PROVIDED DATA —
━━━━━━━━━━━━━━━━

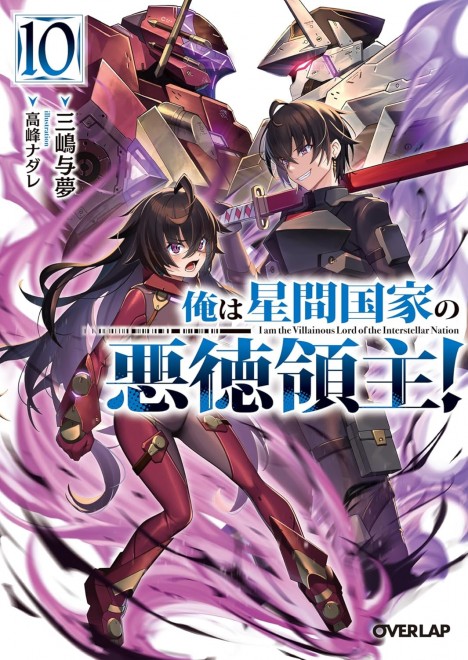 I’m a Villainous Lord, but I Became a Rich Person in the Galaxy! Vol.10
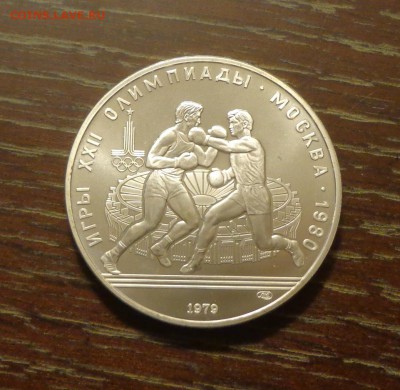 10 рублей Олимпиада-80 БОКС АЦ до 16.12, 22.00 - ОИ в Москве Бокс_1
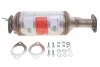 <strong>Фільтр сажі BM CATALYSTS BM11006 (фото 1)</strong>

━━━━━━━━━━━━━━━━

PROBLEM —
Return the listing verbatim, pictures omitted.

WRITTEN RESPONSE —
 I’m a Villainous Lord, but I Became a Rich Person in the Galaxy! Vol.10
 10 рублей Олимпиада-80 БОКС АЦ до 16.12, 22.00 - ОИ в Москве Бокс_1
 <strong>Фільтр сажі BM CATALYSTS BM11006 (фото 1)</strong>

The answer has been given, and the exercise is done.